Tennessee may not be one of the first states that comes to mind when most people think about leading-edge information technology, but it should be. Dugger, Tennessee’s chief of information systems, continues to come up with innovations and seize on and support creative ideas from his staff to implement programs that other chief information officers often try to emulate. “I know of nobody more current than he is,” says Carolyn Purcell, executive director of the Department of Information Resources in Texas. “He’s more aware of and responsive to the rapidity of change in this industry than just about anybody.”
Dugger’s latest project will consolidate into one the three separate networks that now criss-cross the state. The unified network will be faster, have more capacity and cost less than the current three. But the state will not run it. Tennessee is privatizing the statewide network under a $118 million, five-year contract, the largest technology contract ever for the state. Instead of buying and fussing with the wires and the equipment, the state is buying the service.
One major component of that service is flexibility. For instance, the state might need extra video capacity to one building one month and to another the next. The contractor will be responsible for managing that capacity, and providing the state what it needs when it needs it. “I don’t know of any other state that’s done this,” Dugger says. The contract with BellSouth and Qwest was expected to be signed sometime last month.
The consolidation goes along with Dugger’s longtime campaign to knock down the walls that separate the many departments and branches of government and develop an atmosphere of cooperation. “I’ve always held that data was a state asset that didn’t belong to any one agency,” says Dugger. For the past decade, he has been responsible for setting standards that allow state agencies to work efficiently and share information across departments.

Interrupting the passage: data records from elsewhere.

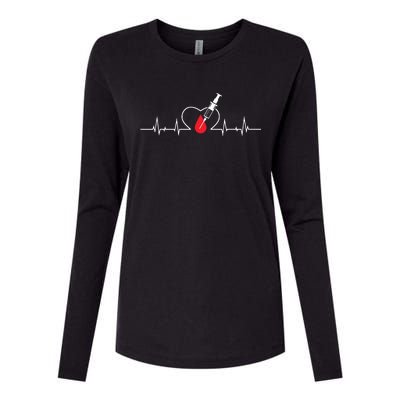 Phlebotomist Heart Blood Phlebotomy Pulse Syringe Gift Womens Cotton Relaxed Long Sleeve T-Shirt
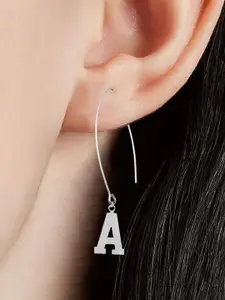 Sangria 925 Sterling Silver A Alphabet Shaped Drop Earrings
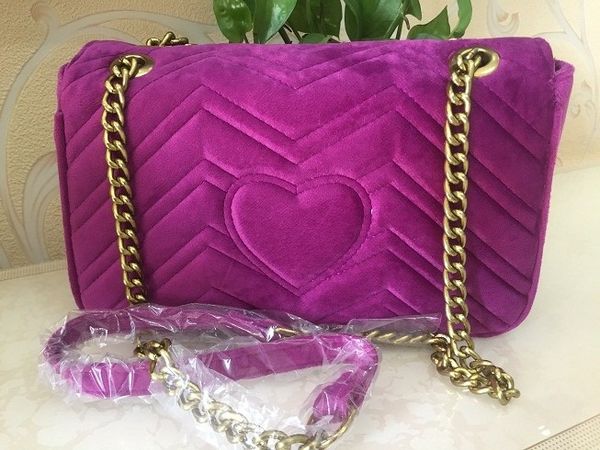

горячих продажи моды сумки женщины сумки дизайнер фиолетовой сумки женщина 26см золото цепь ремень мешок бархат crossbody плечо сумка totes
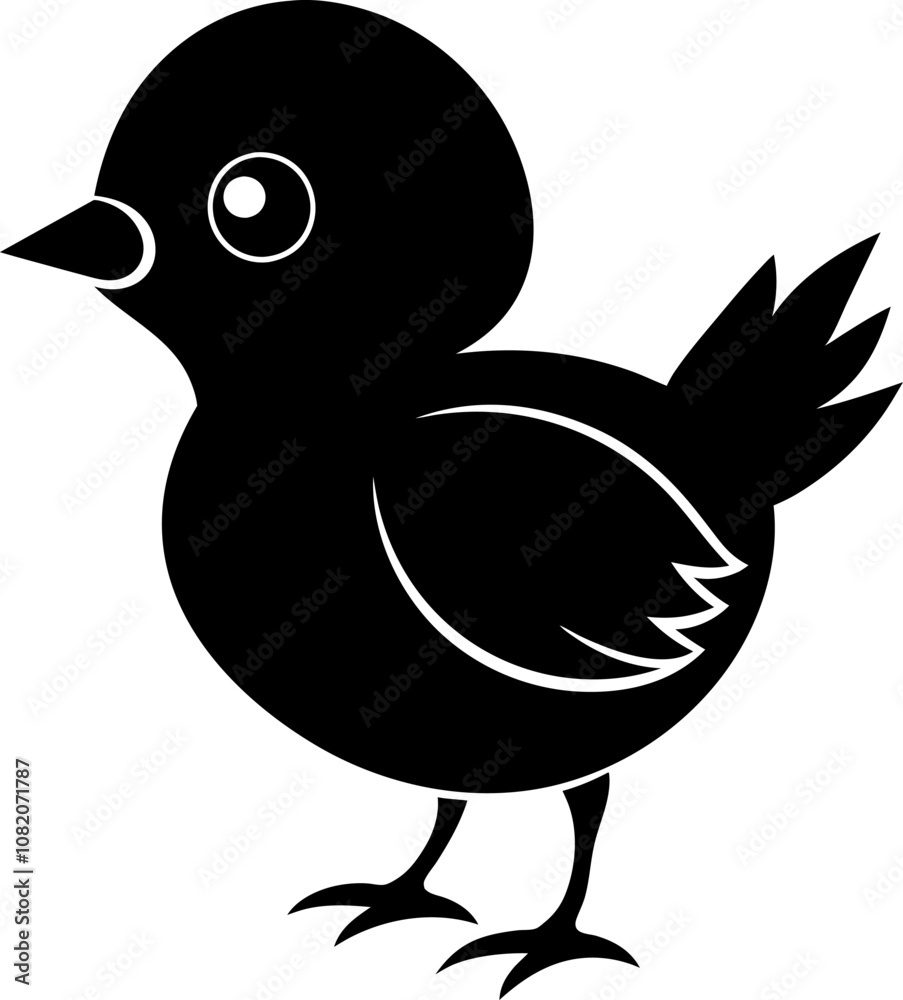 Obraz premium Silhouette of little chicken icon vector style Illustration. 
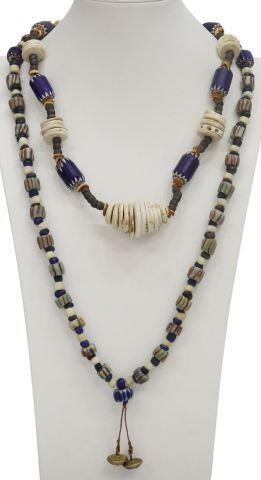 Appraisal: lot of Native American bone and trade bead necklaces including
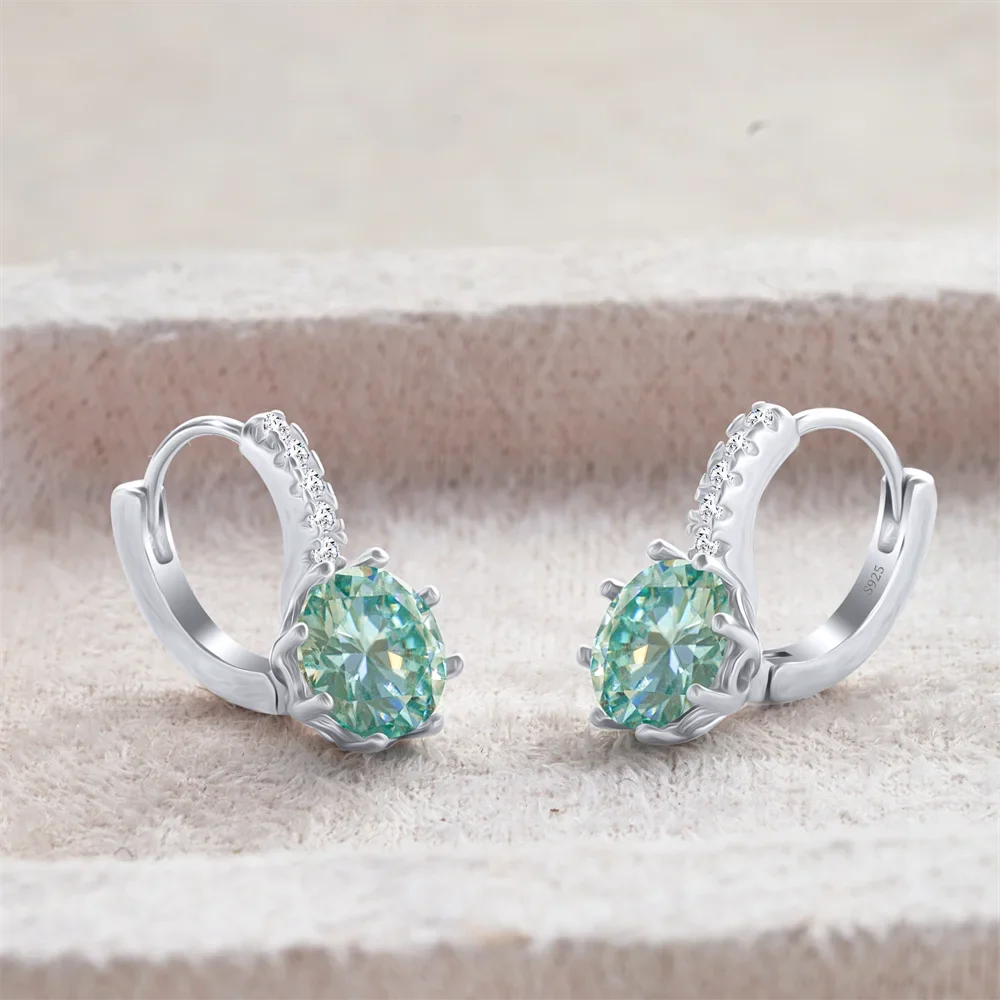 2 Carat Moissanite Drop Earrings Sterling Silver Solitaire Studs For Women BandsCo Straps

Dugger also was instrumental in setting up a revolving fund for technology so agencies could stay current and get the tools they needed; if a department can build a case that a new system will save enough money to pay for itself or generate income, that agency can get a loan up front and pay it off after five years. “We can bring systems in without the huge budgetary issue of trying to get funds,” says Dugger, “and it forces them to look at how they can do things differently.”
And when it comes time for staff members to get trained on those new systems, they can head for the state’s Information Systems College, where they can get up to two weeks of training—training that the departments have already paid for as part of the network connection fees they pay on a regular basis.
Dugger’s contributions go beyond the borders of Tennessee. He is well known among state information resource executives for his contributions to their national association, NASIRE. Dugger was its president in 1993-94, and for the past six years has served as chair of its intergovernmental relations committee. “His thinking process is very clear,” says Missouri CIO Mike Benzen, the current NASIRE president. “He’s an exceptional leader who understands the industry.”